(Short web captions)
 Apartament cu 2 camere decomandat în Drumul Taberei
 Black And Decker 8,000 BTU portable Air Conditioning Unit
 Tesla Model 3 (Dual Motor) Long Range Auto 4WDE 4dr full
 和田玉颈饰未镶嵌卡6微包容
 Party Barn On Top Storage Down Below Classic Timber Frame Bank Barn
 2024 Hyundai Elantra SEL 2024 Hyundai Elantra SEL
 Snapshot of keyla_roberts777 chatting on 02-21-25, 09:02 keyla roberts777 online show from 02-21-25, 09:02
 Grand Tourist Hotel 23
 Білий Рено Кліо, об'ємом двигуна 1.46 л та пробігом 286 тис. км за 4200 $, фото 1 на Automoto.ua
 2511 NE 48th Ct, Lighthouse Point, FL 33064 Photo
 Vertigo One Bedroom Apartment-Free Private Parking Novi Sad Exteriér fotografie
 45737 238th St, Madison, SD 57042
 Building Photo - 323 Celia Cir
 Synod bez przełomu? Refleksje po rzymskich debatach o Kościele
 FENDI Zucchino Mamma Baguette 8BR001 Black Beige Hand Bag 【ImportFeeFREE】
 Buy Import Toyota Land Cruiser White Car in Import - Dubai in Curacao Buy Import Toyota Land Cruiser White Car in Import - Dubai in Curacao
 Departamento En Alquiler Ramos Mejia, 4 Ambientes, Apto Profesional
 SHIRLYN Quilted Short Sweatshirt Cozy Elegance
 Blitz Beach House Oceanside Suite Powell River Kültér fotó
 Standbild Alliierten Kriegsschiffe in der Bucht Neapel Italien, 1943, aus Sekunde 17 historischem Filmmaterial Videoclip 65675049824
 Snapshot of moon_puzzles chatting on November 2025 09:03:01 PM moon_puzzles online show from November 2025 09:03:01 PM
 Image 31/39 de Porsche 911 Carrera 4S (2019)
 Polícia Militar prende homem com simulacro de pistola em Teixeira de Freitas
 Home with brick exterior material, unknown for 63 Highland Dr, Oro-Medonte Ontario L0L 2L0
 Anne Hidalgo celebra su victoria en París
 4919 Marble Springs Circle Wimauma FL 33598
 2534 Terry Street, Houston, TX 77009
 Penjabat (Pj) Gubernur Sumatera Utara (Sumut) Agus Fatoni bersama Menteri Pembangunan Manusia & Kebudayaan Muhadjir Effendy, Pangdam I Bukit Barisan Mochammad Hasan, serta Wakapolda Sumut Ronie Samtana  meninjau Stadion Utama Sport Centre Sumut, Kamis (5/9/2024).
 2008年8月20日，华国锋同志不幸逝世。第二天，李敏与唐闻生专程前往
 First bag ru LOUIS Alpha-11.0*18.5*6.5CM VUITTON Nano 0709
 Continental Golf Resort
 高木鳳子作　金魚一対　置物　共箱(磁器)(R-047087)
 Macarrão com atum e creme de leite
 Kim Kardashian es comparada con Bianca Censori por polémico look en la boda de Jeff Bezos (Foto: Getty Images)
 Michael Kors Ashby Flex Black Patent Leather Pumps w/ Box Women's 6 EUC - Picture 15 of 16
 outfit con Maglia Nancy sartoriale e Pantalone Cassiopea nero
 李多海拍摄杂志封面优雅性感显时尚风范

Task description
Only the lines above from the line with "2511 NE 48th" to the line with "Standbild Alliierten Kriegsschiffe", those two lines included, should be reproduced exactly.

The answer
 2511 NE 48th Ct, Lighthouse Point, FL 33064 Photo
 Vertigo One Bedroom Apartment-Free Private Parking Novi Sad Exteriér fotografie
 45737 238th St, Madison, SD 57042
 Building Photo - 323 Celia Cir
 Synod bez przełomu? Refleksje po rzymskich debatach o Kościele
 FENDI Zucchino Mamma Baguette 8BR001 Black Beige Hand Bag 【ImportFeeFREE】
 Buy Import Toyota Land Cruiser White Car in Import - Dubai in Curacao Buy Import Toyota Land Cruiser White Car in Import - Dubai in Curacao
 Departamento En Alquiler Ramos Mejia, 4 Ambientes, Apto Profesional
 SHIRLYN Quilted Short Sweatshirt Cozy Elegance
 Blitz Beach House Oceanside Suite Powell River Kültér fotó
 Standbild Alliierten Kriegsschiffe in der Bucht Neapel Italien, 1943, aus Sekunde 17 historischem Filmmaterial Videoclip 65675049824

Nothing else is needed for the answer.